• **What is being asked**
Every record needs to come back as written, except for the pictures.

═══ Input records ═══

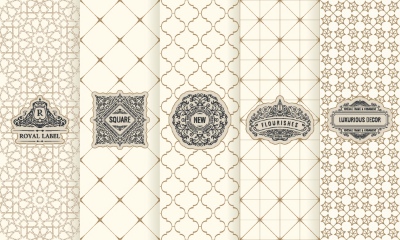 Luxury Packaging Design Elements 27xAI Luxury Packaging Design Elements 27xAI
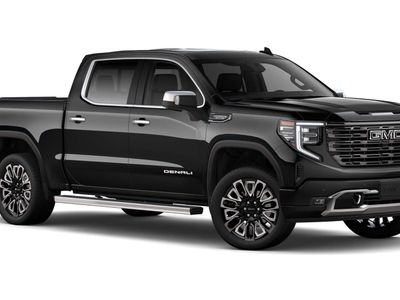 2026 GMC Sierra 1500 — interior view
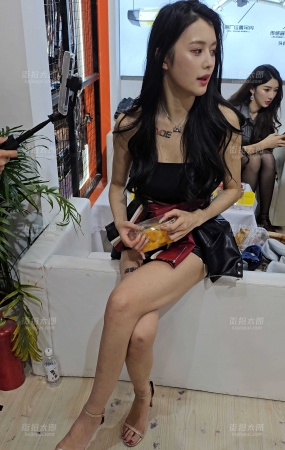苏州改装展之凉高大长腿4K-4min
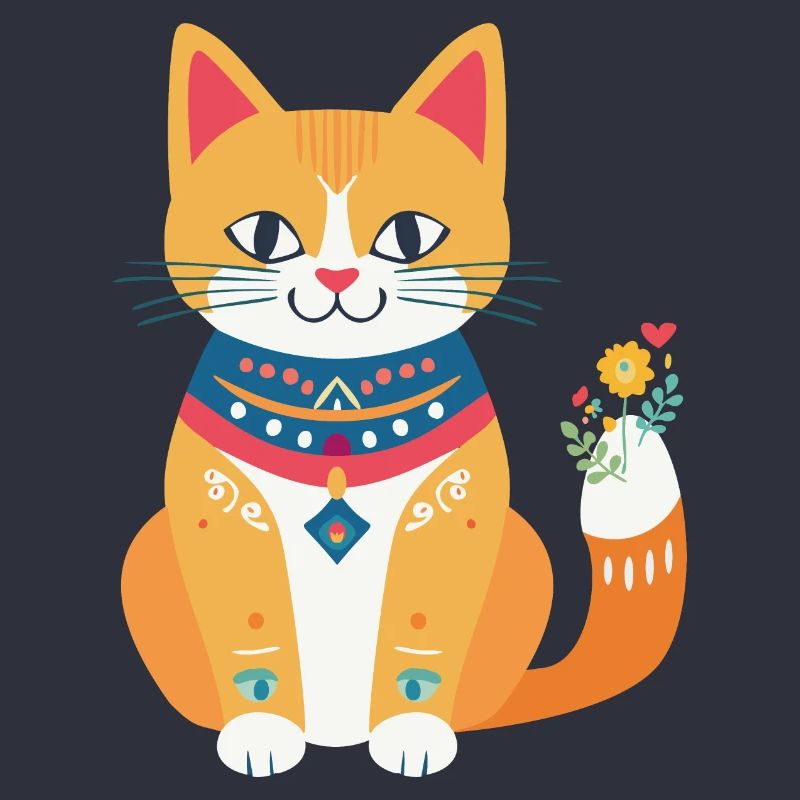 mignon chat folklore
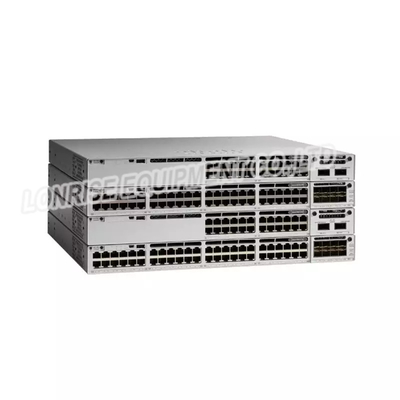 C9300-48S-E Cisco Switch Catalyst 9300 48 พอร์ต GE SFP สวิตช์อัปลิงค์โมดูลาร์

═══

• **Answer area**
 Luxury Packaging Design Elements 27xAI Luxury Packaging Design Elements 27xAI
 2026 GMC Sierra 1500 — interior view
苏州改装展之凉高大长腿4K-4min
 mignon chat folklore
 C9300-48S-E Cisco Switch Catalyst 9300 48 พอร์ต GE SFP สวิตช์อัปลิงค์โมดูลาร์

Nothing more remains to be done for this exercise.